Osteoclast cultures obtained from murine long bones were seeded on type I collagen substrate, after 24 hours incubation cultures were stained for actin with FITC-phalloidin. Osteoclasts displaying a full actin ring or disrupted actin rings with more than 50% intact were identified as active. Osteoclasts displaying a disrupted actin ring (diffuse ring or less than 50% intact ring), or complete lack of actin structure, were identified as inactive. After 24 hours incubation, cultures were stained for actin and the total number of osteoclasts with actin rings were counted and compared with the total number of osteoclasts present (determined by cells containing two or more nuclei). Bar chart shows comparison between percentage of osteoclasts displaying an actin ring (positive for Actin Ring +) or without (negative for Actin Ring −) under different experimental conditions.
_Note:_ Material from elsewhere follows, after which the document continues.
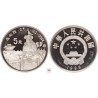Kína 5 yuan Kublaj Kán 1989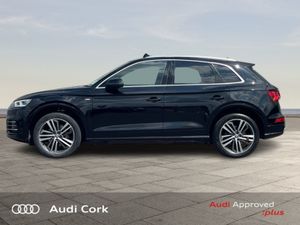Audi Q5 2.0tdi 163BHP Quattro S-line With Style P - Image 4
Data are expressed as percentage. A: Osteoclasts were incubated with or without 5 μmol/L of the broad spectrum cathepsin inhibitor, LHVS. Osteoclasts were also incubated in the presence of 0.15% dermatan sulfate (DS) or chondroitin sulfate (CS), GAGs were incorporated in the type I collagen matrix and the cell media. After 24 hours incubation, cultures were stained for actin and the total number of osteoclasts with actin rings were counted and compared with the total number of osteoclasts. *P < 0.05 vs wild-type untreated control. B: Idua^−/− osteoclasts were incubated in the presence and absence of 5 μmol/L of the broad spectrum cathepsin inhibitor, LHVS, and 0.15% dermatan sulfate in the matrix and media. C: Wild-type, Idua^−/− and Ctsk^−/− osteoclasts were cultured on dentine disks for 48 hours. The number of TRAP+ osteoclasts and the number and area of resorption pits were analyzed. Values are the means plus SD of four dentine slices. *P < 0.05 vs. wild-type. D: Long bone osteoclasts obtained from Idua^−/− and Ctsk^−/− mice were seeded onto intact type I collagen matrix (coll 1) or type I collagen pre-degraded by cathepsin K (catK deg coll 1) and analyzed for actin ring presence. Collagen type I was pre-degraded by 400 nmol/L cathepsin K in the presence of chondroitin 4-sulfate for 4 hours at 28°C. After 24 hours, cultures were stained for actin and the percentage of osteoclasts displaying an actin ring (AR+) is shown compared with the percentage without (AR−). *P ≤ 0.05 when compared with same osteoclasts cultured on intact collagen matrix.